The parents, who are part of a group called Maryland Advocates for Play (MAP), attended the board’s meeting last Tuesday and said children from kindergarten to eighth grade need more physical activity to ensure health bodies and emotional well being.
The parents said young students should have up to 60 minutes of recess a day as opposed to the current averaged recess time of 20 minutes.
Hillary Martell, co-founder of MAP and the mother of three young children, told the school board that more recess for students could lead to fewer problems in the classroom.
“Often if a student is having behavioral problems, the teacher will use recess as leverage,” Martell said. “My son’s recess is sometimes taken away when he doesn’t finish his classwork and has to do his work on the playground while his peers are playing around him.”
Martell said research demonstrates that young children need a certain amount of free, unstructured playtime during each school day to remain both physically and emotionally healthy.
Martell said MAP would like a policy put in place that prohibits teachers from withholding recess from students for punitive or weather related reasons.
“There is correlation between the ability of kids to focus and the amount of play they are given,” Martell said. “We feel it is not appropriate to use recess as leverage to get kids to behave better as it can be counterproductive and harmful to the child who is already struggling.”
The Maryland Advocates for Play was established in February when a group of 12 Baltimore County parents and educators began to discuss their concerns about the lack of recess that their children were receiving from the public schools. The group now has 400 members, organizers said.
As the time has progressed, many parents have conveyed their mutual concerns with MAP on the amount of time that their children spend on tablets, flashcards, or worksheets rather than actual time outdoors.
“My son has ADHD and in the beginning of the school year when the teachers asked him what they need to know about him, he said, ‘I need to move,’” said Jenni Mumford, a representative of MAP and a parent. “He gets maybe 20 minutes a day, once a day and he’s in second grade.”

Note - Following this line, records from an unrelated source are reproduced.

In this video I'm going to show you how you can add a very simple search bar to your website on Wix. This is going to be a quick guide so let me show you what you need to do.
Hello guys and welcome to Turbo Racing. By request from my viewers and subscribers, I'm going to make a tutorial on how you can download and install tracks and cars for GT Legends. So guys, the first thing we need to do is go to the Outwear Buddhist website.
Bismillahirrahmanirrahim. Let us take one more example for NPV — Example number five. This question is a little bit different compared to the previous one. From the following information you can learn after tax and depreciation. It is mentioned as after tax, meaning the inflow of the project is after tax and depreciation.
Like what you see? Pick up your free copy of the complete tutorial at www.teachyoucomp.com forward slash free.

MAP representatives said that a study done by the National Center for Education found that 32.3 percent of school districts across the country have reduced or even completely eliminated recess. Some schools in Baltimore County have been offering as little as 15 minutes of recess within a six-hour school day, the parents said.

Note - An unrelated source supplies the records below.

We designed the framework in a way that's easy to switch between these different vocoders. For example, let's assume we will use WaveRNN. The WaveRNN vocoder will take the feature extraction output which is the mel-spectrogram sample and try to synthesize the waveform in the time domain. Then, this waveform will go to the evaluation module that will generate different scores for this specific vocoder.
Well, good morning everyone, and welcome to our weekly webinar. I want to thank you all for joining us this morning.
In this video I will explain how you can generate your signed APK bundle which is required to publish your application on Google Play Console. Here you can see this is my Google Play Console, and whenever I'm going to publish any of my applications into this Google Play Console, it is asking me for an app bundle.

“Working as a full-time teacher, I see these situations where kids don’t get enough adequate recess on the first hand basis,” said Claire Barnaby, one of the representatives of MAP and a Baltimore County teacher. “I teach sixth-grade and they are even struggling to absorb the concepts learned in class because they’ve been sitting in a chair all day. They’re only 11.”

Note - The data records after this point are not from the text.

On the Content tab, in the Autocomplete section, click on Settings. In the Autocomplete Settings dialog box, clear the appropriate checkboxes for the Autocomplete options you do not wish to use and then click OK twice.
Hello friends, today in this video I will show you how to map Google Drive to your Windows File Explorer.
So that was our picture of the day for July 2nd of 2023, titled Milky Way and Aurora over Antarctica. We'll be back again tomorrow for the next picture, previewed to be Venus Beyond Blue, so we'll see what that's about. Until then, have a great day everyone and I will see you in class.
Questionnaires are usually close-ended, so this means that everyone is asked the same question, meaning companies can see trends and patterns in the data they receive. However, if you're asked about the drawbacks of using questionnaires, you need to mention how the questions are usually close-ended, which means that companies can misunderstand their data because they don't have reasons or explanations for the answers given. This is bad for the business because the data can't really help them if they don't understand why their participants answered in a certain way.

MAP representatives said they hope the state of Maryland will follow a Texas model – adopted from Finland – in which students receive 15 minutes of recess every hour.
“Compared to their academic scores, it obvious that when kids are given these breaks, they become more successful,” Martell said.
The group’s initial efforts are focusing on the county’s public schools, but members say they hope the idea and goal of having recess broken up into three sections throughout the day will broaden to school districts across the state.